S.H.: Directional branches are excellent options for PMEGs in cases where reinforced fenestrations would likely result in significant gap distances, which have been linked to increased target vessel instability. Constructing them is not particularly challenging, and I don’t believe they are more prone to leaks compared to fenestrations. In fact, they may be more effective in patients with significant gap distances.
Over the years, I’ve found inner branches especially valuable to incorporate into PMEG designs. For anyone interested in adopting inner branches in their PMEG practice, I’d be happy to share our previous publications and my recent presentation at CASO.
J.R.: In your daily practice, what is your favorite endograft to modify? What advantages does it offer over others?
S.H: For the past 10 years, our go-to endograft has been the Cook Alpha Thoracic. Its multiple trigger wires allow for a temporary diameter reduction system in the thoracoabdominal aorta, and the self-orienting spine wire is particularly useful in the arch.

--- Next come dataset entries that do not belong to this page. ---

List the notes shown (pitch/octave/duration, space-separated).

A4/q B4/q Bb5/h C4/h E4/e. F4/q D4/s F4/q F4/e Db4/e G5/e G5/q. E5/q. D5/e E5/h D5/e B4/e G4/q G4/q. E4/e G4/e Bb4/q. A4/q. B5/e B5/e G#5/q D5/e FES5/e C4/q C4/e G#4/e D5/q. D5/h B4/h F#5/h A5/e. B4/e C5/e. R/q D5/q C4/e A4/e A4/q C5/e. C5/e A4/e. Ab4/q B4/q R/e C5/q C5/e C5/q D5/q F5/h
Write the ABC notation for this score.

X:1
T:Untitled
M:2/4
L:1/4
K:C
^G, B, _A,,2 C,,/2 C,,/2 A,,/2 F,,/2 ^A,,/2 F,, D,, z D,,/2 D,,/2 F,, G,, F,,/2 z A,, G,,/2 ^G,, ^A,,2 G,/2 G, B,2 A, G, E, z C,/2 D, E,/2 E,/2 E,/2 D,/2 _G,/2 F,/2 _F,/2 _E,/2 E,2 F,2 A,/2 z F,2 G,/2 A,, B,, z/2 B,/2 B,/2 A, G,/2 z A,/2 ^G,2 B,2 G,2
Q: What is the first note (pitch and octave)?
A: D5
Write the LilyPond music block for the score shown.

Recently, we’ve adopted the Terumo TREO for pararenal AAAs, using it as a fenestrated bifurcated construct. Compared to combining TEVAR and EVAR devices, this design offers less device overlap and significantly lower costs.
J.R.: If you could change any feature of the current endografts to make them easier to modify, what would it be?

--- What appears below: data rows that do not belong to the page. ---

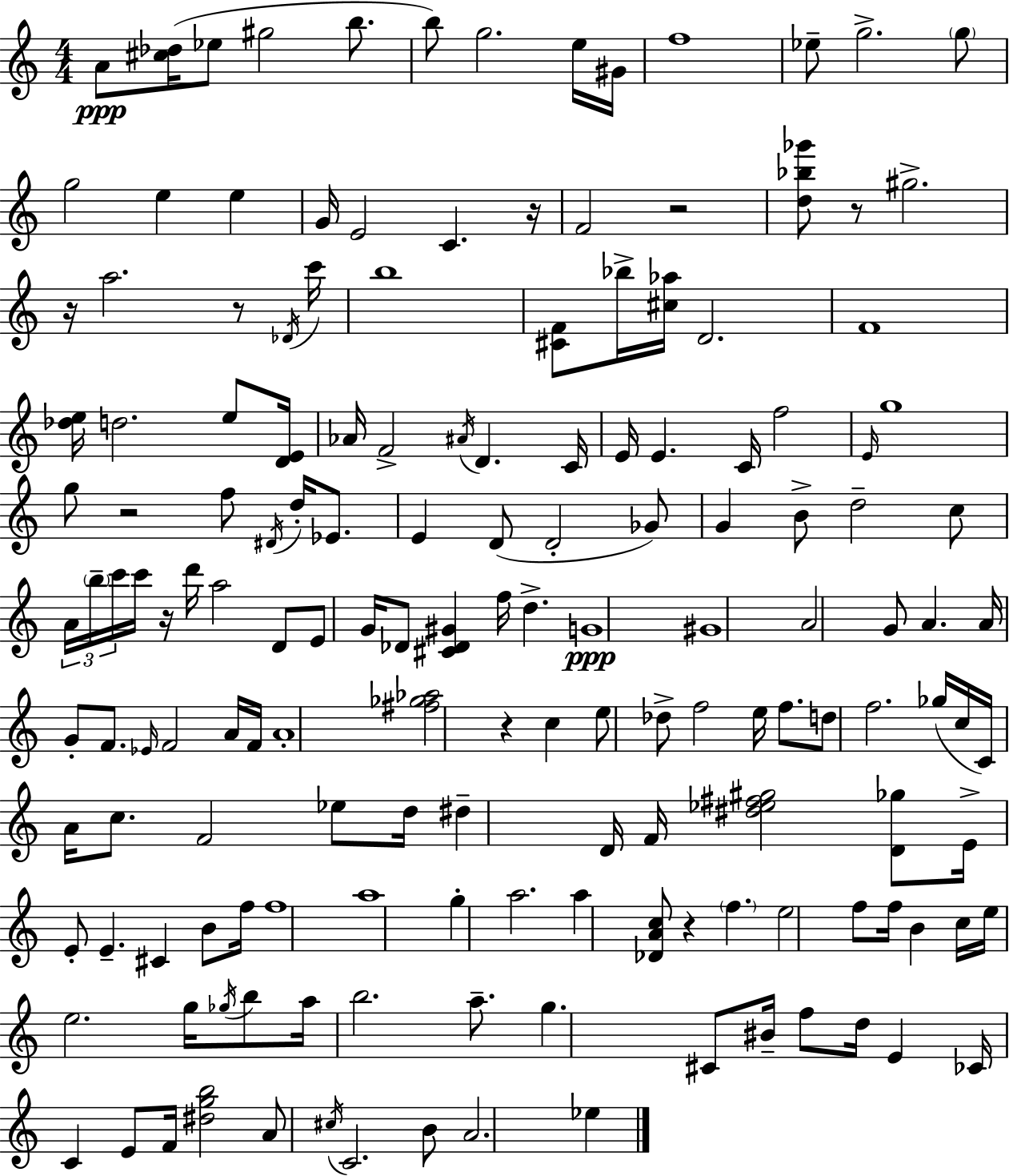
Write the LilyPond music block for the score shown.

{
  \clef treble
  \numericTimeSignature
  \time 4/4
  \key a \minor
  a'8\ppp <cis'' des''>16( ees''8 gis''2 b''8. | b''8) g''2. e''16 gis'16 | f''1 | ees''8-- g''2.-> \parenthesize g''8 | \break g''2 e''4 e''4 | g'16 e'2 c'4. r16 | f'2 r2 | <d'' bes'' ges'''>8 r8 gis''2.-> | \break r16 a''2. r8 \acciaccatura { des'16 } | c'''16 b''1 | <cis' f'>8 bes''16-> <cis'' aes''>16 d'2. | f'1 | \break <des'' e''>16 d''2. e''8 | <d' e'>16 aes'16 f'2-> \acciaccatura { ais'16 } d'4. | c'16 e'16 e'4. c'16 f''2 | \grace { e'16 } g''1 | \break g''8 r2 f''8 \acciaccatura { dis'16 } | d''16-. ees'8. e'4 d'8( d'2-. | ges'8) g'4 b'8-> d''2-- | c''8 \tuplet 3/2 { a'16 \parenthesize b''16-- c'''16 } c'''16 r16 d'''16 a''2 | \break d'8 e'8 g'16 des'8 <cis' des' gis'>4 f''16 d''4.-> | g'1\ppp | gis'1 | a'2 g'8 a'4. | \break a'16 g'8-. f'8. \grace { ees'16 } f'2 | a'16 f'16 a'1-. | <fis'' ges'' aes''>2 r4 | c''4 e''8 des''8-> f''2 | \break e''16 f''8. d''8 f''2. | ges''16( c''16 c'16) a'16 c''8. f'2 | ees''8 d''16 dis''4-- d'16 f'16 <dis'' ees'' fis'' gis''>2 | <d' ges''>8 e'16-> e'8-. e'4.-- cis'4 | \break b'8 f''16 f''1 | a''1 | g''4-. a''2. | a''4 <des' a' c''>8 r4 \parenthesize f''4. | \break e''2 f''8 f''16 | b'4 c''16 e''16 e''2. | g''16 \acciaccatura { ges''16 } b''8 a''16 b''2. | a''8.-- g''4. cis'8 bis'16-- f''8 | \break d''16 e'4 ces'16 c'4 e'8 f'16 <dis'' g'' b''>2 | a'8 \acciaccatura { cis''16 } c'2. | b'8 a'2. | ees''4 \bar "|."
}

S.H.: Some of the key changes that I would make, include a dedicated fenestration ring, a side-arm branch component, and an improved mechanism for easier re-sheathing. I believe Terumo Aortic is actively addressing these enhancements as part of the multicenter 'TREO FIT' IDE program, with Dr. Benjamin Starnes serving as the national principal investigator.
J.R.: Regarding treatment of the aortic arch, you have published fascinating work on branched PMEGs, in which you highlight a significant learning curve. What tips or tricks can you share for those starting in aortic arch treatment to achieve good outcomes?
S.H.: The incorporation of a self-orienting spine trigger wire, enabling anatomically specific inner branch construction, has been pivotal in revitalizing our arch PMEG program. This innovation allowed for precise deployment, aligning inner branches with target vessels and facilitating branch cannulation with minimal wire manipulation. As a result, we observed a 50% reduction in fluoroscopy time, which I believe significantly improved our outcomes. I owe much of this success to Dr. Carlos Timaran, who generously shared many of these technical insights with me.
J.R.: To conclude: Do you think we are close to having one (or several) endografts with Instructions for Use that explicitly include physician modification?
S.H.: The device closest to achieving this goal is the Terumo TREO, currently being evaluated through the TREO FIT program in its trial phase. However, I have not observed similar advancements for the thoracoabdominal or arch regions, which likely still have a longer way to go.
Thank you very much, Dr. Han, for sharing your outstanding experience and valuable insights with us all.
It's my pleasure, and I hope we get the chance to meet in person someday!